Y la India no ha hecho más que aportar desde que llegué.
Lo que más me ha aportado, como de costumbre, ha sido la
gente. Los de aquí y los que también estaban de paso. Los que han tenido la bondad
de compartir su tiempo conmigo y me han enseñado que la vida es una paleta de
colores, de opciones y posibilidades tan enorme que es ridículo pensar que sólo
hay un camino, sólo una trayectoria marcada, una dirección que tomar.
Si hay algo que me llevo es la alegría de saber que me
esperan nuevas historias que contar, nuevos proyectos que empezar, nuevos retos
que superar, nuevos viajes que emprender, nuevos amigos que hacer. Y si hay
algo que dejo atrás es el miedo al fracaso, el miedo a perder, el miedo a
pensar que es importante encajar en lo que se espera y no en lo que se es.
No me he encontrado a mí mismo; me he recuperado y me alegra
bastante porque empezaba a echarme de menos.
Ayer pasé el día en la playa. Me tumbé en la arena y dejé
que el sol se recreara en mi piel, sabiendo que iba a pasar un tiempo hasta que
me viera en una igual. Me jodía que mi último día en la India, es decir, hoy,
lo fuera a pasar de aeropuerto en aeropuerto hasta irme, pero bueno, así tenía
que ser.
Pensando en esto, en el estrés de los aeropuertos, los
controles, las maletas y demás, me acordé, menos mal, de que aún me quedaba un
cigarrito feliz de los que me había dado David, el israelí. Estaba hasta hecho.
Me vino a la cabeza cuando fui a la playa con mis primos
días antes de empezar el viaje y José María, el chico, de nueve años, me dijo:
-¿Vas
a pasar mañana el día con nosotros?
-Claro
-le contesté.
Me miró con sus ojos azules, sus rizos rubios y con esa cara
de pícaro distraído que tiene y me dijo como el que dice cualquier cosa:
-Va a
ser épico, primo. Épico.
Aquel cigarrito feliz también iba a serlo.
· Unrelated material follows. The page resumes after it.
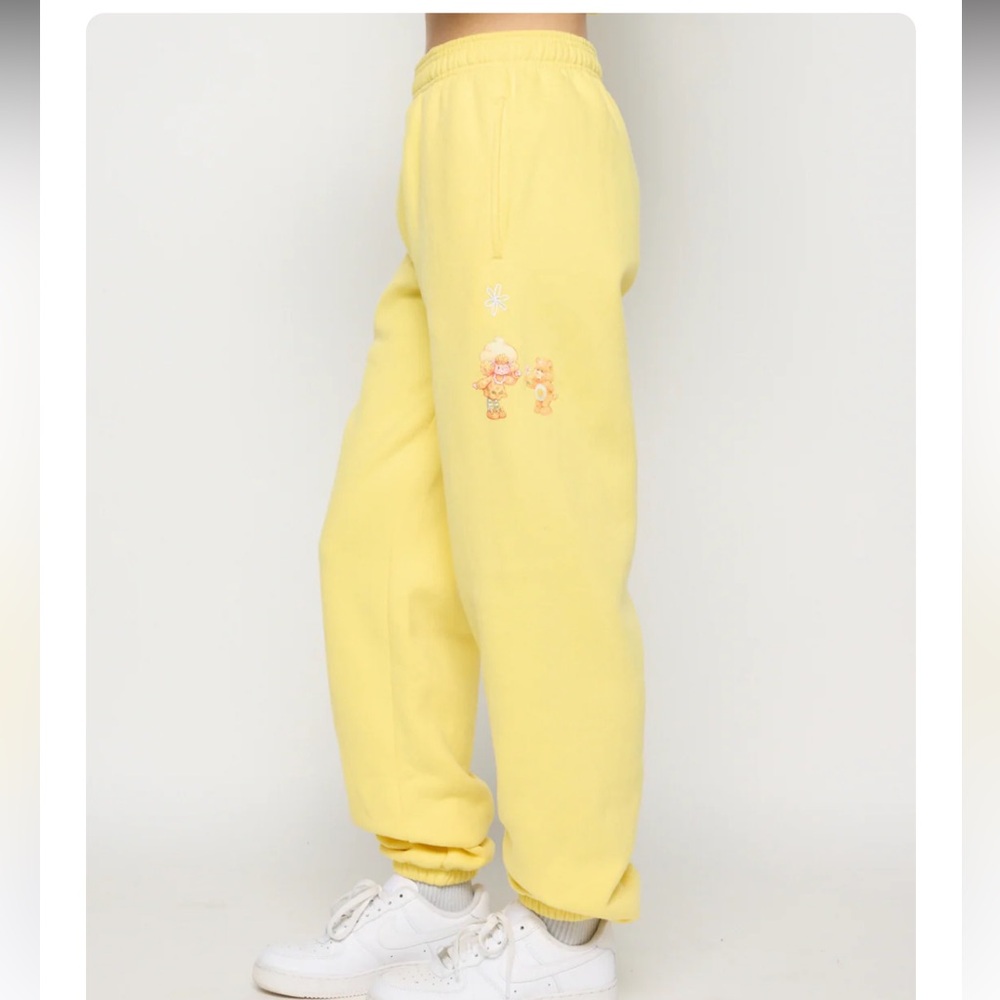 NWT L Samii Ryan Care Bears & Strawberry Shortcake Offer Kindness Yellow Joggers - Picture 3 of 10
Me senté frente al mar. Era la primera vez en mucho tiempo
que me sentía relajado, que simplemente estaba allí, disfrutando la brisa, el
rumor de las olas, el humo, la luz acariciando la arena; estaba disfrutando ese
instante.
Estaba contento. Triste por irme pero agradecido a aquel
país, a su gente, y al mar también. Se lo dije. Me sinceré en voz alta, le
conté lo que pasaba por mí y le dije que me gustaría volver a verle, que me
gustaría que cuidara de su gente mientras tanto, pero que tendríamos que
encontrar la manera de volver a vernos. Y el mar escuchó. Las olas terminaron
su recorrido en mis pies y me susurraron que todo iba a salir bien, que aquello
no había sido más que el principio, que aún quedaba tanto por andar y aprender
y descubrir. Todo eso me dijo. Posiblemente el cigarro ayudó. Quién sabe. Pero
a los pocos minutos de aquella conversación, para deleite de todos los que
estábamos allí (fumadores o no), un grupo de delfines pasó a pocos metros de la
orilla, saltando alegremente, como saludando, despidiéndose quizás, o tal vez
sellando ese pacto que el mar y yo acabábamos de hacer.